Wednesday, September 28, 2011

Blood, Sweat, and Rum: THE RUM DIARY Preview

There comes a time in every man’s life when he’s hit the end of the road. There’s only 3 ways to handle such an occurrence. One is to turn back, retrace your steps and start over in a different direction at the last fork you took. The second is to just give up. Find a nice, cozy hovel at that place, hunker down for a life of regret and self-loathing, sure, why not? Keep heavy drink and drug on hand and just let that ride you out until your maker finally claims you. The third option is to get on a boat, or perhaps an airplane, and go off the roads altogether. Find a new world, one not linked to the path that just ended. All roads lead to Rome, perhaps that’s true for some people. But no roads in Puerto Rico lead anywhere.

Or so says Hunter S. Thompson.

Yes, the great king of Gonzo himself, the last prophet of the modern world, a true genius of the highest caliber and the lowest mind wrote a book based on his experiences working for some low-rent English-speaking newspaper in Puerto Rico just as it went from savage to colonialized. He named the thing THE RUM DIARY, his only truly fictional work, a beautiful paean to the pointlessness of trying to do anything in a country full of oppressive heat, violent locals, and an ungodly amount of warm rum.

And now there’s a movie coming out, just a few weeks, yes, and it will be everything myself and all the Gonzo fans have been waiting for.

Bruce Robinson is directing. He wrote the script, perhaps one of the finest scripts I’ve ever read and that’s saying a lot seeing as I’m mostly a professional reader of middling stature. It keeps all the dark playfulness of the book, the twisted individuals who hopped that plane hoping for their second chance after rock bottom claimed their first. The visuals of a wild, foreign Puerto Rico as opposed to the plastic territory most people see today. The push and pull between legitimacy and bullshitting, between the people with the money and the power and the people with the wisdom and the cool influence. Even more, Robinson's classic WITHNAIL AND I is best described as FEAR AND LOATHING IN LAS VEGAS set in England with drug abuse replaced by rampant alcoholism and the search for the American dream replaced by the simple search for reprieve from the pain of life.  Robinson was set to direct the original FEAR AND LOATHING movie but said it would be impossible so it turned to Terry Gilliam to pull together one of the most brilliant adaptations to screen ever seen. This is his second chance. He knows the characters, knows the writer, knows the dynamic. He will not let us down.

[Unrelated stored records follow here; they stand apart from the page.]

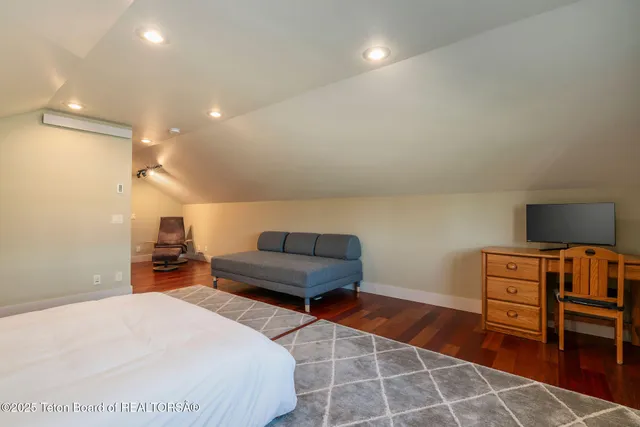 $995,000 | 290 North 1st Street, Driggs, ID 83422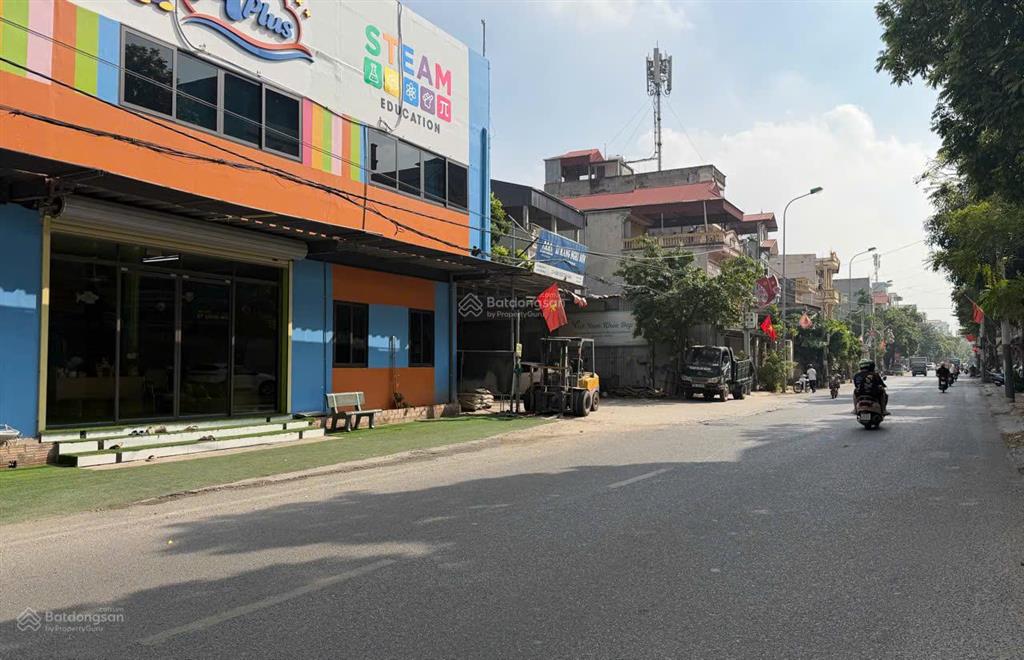 Bán 78m2 mặt tiền 7.2m ô tô đỗ cửa tại thôn nhì vân nội đông anh hn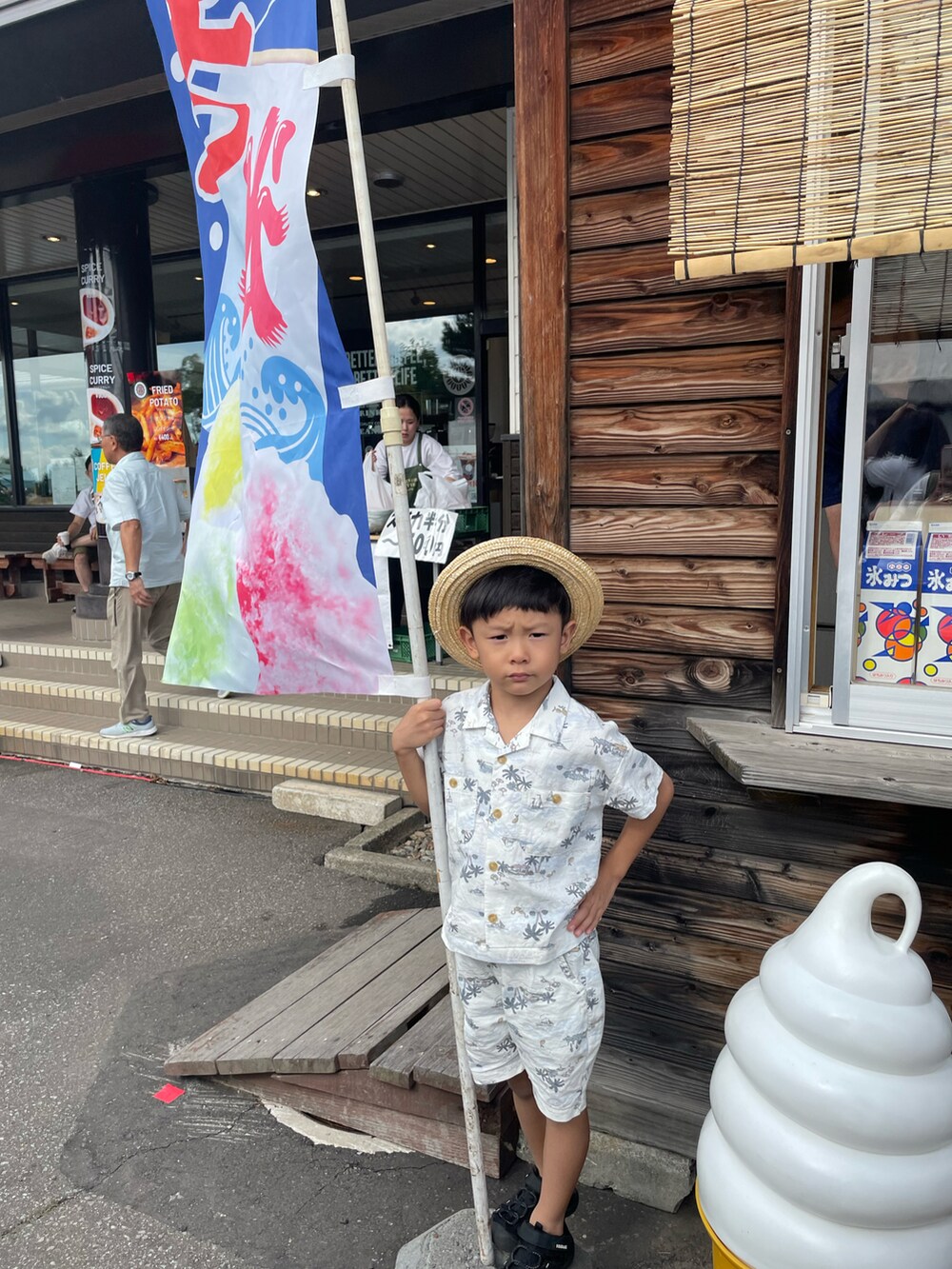 ブルー系のシャツ/ブラウス、グレー系のその他パンツを着用したキッズの秋コーディネートの4枚目の写真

The book has no real plot; some cast-aside notion about a love triangle and the push pull of malcontents against hapless higher management so a driving force had to be added to the movie. The conflict centers on Paul Kemp, the center knot in a tug of war between selling out to the fatbacks for a life of glamorous wealth and the maintenance of journalistic and artistic integrity. This is an idea that must be addressed in this twisted modern era and HST himself would have approved of Robinson’s construct.

Depp is back as the good Doctor. And with a cast that includes Aaron Eckhart, Giovanni Ribisi, a love triangle over Amber Heard (remember the hot high school girl from PINEAPPLE EXPRESS?) and Mr. Doback from STEPBROTHERS, this will be one goddamn visually, emotionally, and artistically satisfying romp.

WARNING: THIS IS NOT FEAR AND LOATHING! If you expect to see rampant hallucinogen abuse and apes, high-powered automobiles and drug-addled knife-wielding massive Brown Buffalo Samoans asking to be electrocuted, you will be confused. This is a story about a man. At the end of the road but hoping a simple flight will get him onto a newer, better one. A noble ambition, to be sure. But this quest is full of warm rum, tropical violence, and the great losers of the Caribbean press. A nice place to stay and rest before figuring out what comes next. And even more beautiful when you think that what came next was the birth of Gonzo, one of the most creative, wild, inspirational, and mind-blowingly memorable voices in modern literature.

Still, I’m thinking due to the conservative nature of thie country on the whole and the lack of education plaguing the mainstream this movie, in spite of the fact it’s my most anticipated of the year, will open somewhere around $15 million. And that’s being generous.

Here’s to hoping I’m wrong.

RUM DIARY launches October 28. I expect all you bastards to be there.